__About this exercise__
From the material that follows, please give the number of lines containing the string "Drawer", and that number alone.

* * *

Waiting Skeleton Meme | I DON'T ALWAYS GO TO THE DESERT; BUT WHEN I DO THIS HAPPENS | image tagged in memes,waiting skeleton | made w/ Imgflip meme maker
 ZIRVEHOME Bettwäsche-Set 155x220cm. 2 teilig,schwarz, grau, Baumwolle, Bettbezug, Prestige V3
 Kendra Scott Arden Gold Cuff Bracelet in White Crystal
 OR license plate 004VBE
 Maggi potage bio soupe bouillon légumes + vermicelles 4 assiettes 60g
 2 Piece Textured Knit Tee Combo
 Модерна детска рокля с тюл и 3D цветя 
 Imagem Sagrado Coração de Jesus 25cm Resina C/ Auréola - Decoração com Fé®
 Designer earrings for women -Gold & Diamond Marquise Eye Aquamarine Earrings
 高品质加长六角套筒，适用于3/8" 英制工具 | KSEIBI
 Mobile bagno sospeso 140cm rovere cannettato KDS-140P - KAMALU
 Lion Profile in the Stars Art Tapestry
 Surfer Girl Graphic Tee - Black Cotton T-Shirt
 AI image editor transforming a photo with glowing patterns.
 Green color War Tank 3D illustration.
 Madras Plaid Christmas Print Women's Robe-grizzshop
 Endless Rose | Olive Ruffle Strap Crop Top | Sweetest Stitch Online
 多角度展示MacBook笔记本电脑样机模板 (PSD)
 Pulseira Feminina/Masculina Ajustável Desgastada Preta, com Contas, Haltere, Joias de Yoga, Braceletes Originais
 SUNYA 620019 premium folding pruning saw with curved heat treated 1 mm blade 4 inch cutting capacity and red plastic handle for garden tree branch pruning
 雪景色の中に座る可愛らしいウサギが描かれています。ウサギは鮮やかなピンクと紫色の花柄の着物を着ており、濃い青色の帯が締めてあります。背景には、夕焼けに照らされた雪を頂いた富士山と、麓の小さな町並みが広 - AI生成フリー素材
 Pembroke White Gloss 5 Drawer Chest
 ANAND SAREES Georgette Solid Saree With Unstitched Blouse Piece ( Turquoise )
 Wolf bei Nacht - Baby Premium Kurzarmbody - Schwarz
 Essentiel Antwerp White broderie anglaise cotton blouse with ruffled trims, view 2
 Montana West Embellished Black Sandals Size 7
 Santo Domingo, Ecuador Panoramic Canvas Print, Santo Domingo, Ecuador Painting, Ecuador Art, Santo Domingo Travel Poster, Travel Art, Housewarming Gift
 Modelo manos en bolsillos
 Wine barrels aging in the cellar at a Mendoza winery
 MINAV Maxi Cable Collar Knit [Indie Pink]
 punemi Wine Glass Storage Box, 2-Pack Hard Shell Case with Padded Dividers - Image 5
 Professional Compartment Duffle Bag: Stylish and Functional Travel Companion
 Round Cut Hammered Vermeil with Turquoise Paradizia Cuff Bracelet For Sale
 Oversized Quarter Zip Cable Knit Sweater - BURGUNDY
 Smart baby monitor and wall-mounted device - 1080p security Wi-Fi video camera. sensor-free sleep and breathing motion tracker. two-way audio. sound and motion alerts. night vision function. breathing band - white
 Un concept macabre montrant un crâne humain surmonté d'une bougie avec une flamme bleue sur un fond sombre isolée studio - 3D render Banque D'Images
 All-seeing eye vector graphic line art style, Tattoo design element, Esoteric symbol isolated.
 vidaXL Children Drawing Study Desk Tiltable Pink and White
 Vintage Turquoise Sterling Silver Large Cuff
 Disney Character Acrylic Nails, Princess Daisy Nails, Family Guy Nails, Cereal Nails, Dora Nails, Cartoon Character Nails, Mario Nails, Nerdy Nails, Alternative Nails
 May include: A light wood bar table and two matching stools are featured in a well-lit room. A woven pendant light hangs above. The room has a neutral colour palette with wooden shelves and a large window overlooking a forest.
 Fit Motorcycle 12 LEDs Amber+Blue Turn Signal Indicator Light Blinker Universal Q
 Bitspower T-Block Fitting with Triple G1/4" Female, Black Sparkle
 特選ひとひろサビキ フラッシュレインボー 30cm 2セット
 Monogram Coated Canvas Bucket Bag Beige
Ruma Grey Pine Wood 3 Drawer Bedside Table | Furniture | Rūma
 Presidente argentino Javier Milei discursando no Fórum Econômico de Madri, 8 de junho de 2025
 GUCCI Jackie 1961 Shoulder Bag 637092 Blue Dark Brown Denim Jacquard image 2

* * *

__Answer section__
2